The San Francisco Giants no longer want home run king Barry Bonds, but the Feds do.
Baseball's greatest homerun hitter is under indictment on charges he lied when he said under oath that he did not use steroids or other performance enhancing drugs.
Just three months after celebrating a career high, smashing baseball's overall homerun record.
"This record is not tainted at all," Bonds said.
Now comes this career low, an indictment on four counts of perjury and one count of obstruction of justice.
The grand jury says evidence was obtained including positive tests for the presence of anabolic steroids and other performance enhancing substances for Bonds.
The indictment accuses Bonds of making false declarations.

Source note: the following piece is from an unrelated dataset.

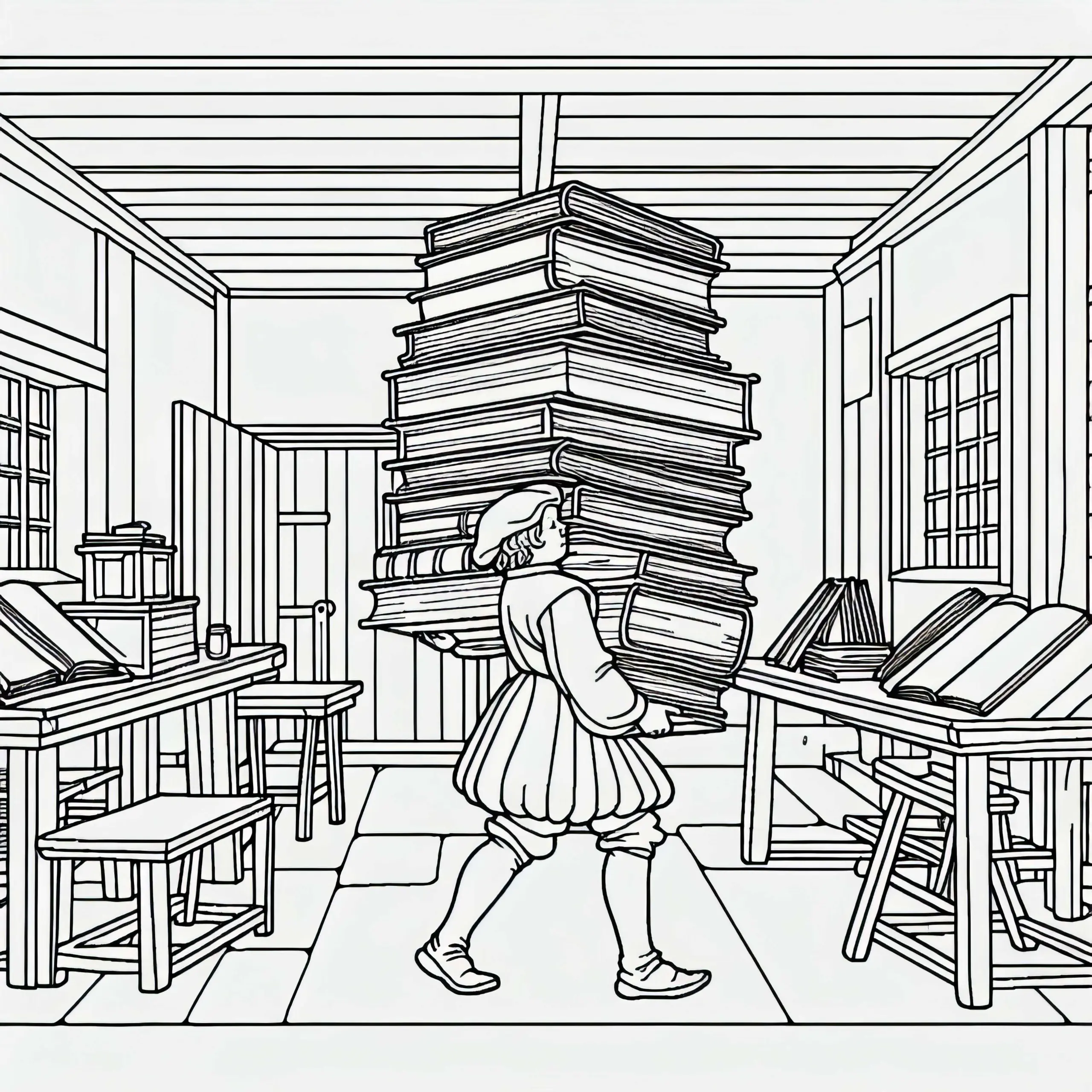 Kind trägt Stapel Bücher in der Werkstatt – Malvorlage Renaissance gratis (Ausmalbild)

"The man who has hit more homeruns than anyone else in the history of the sport is potentially a cheater, a liar, and may be thrown in jail," stated Christine Brennan, columnist for USA Today.

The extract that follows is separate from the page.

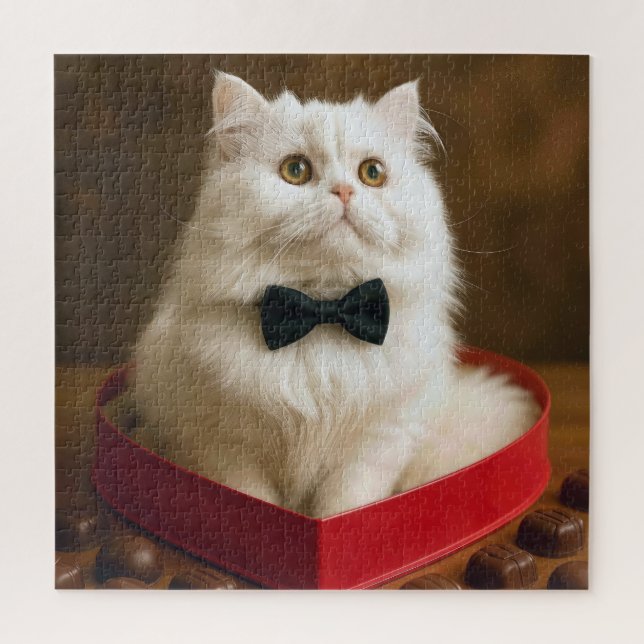 Persian Cat In Valentine Candy Box Puzzle (Vertikal)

Bonds has long maintained his personal trainer supplied him with substances that he thought were arthritis balm and flaxseed oil.
That trainer, Greg Anderson, was released Nov. 15 after spending months in jail for refusing to testify against his longtime friend.
Bonds' indictment caught his attorneys off guard.
"Now, the public is going to get the whole truth, not just selectively leaked fabrications," explained Mike Rains, Bonds' attorney.
It's also a surprise to Victor Conte, the man whose company, BALCO, is at the center of the government's steroid probe.
"I just don't think they have the evidence that meets beyond a reasonable doubt standard," said Victor Conte, BALCO founder.
If convicted, Bonds could spend 30 years in prison, but the sentence would likely be much less.
Baseball commissioner Bud Selig says he's taking the indictment very seriously.
The head of the baseball players' union says he's saddened at the indictment of Barry Bonds on perjury and obstruction of justice charges in the steroid scandal.
Meanwhile, a lawyer for Bonds' personal trainer says the charges are "out of left field."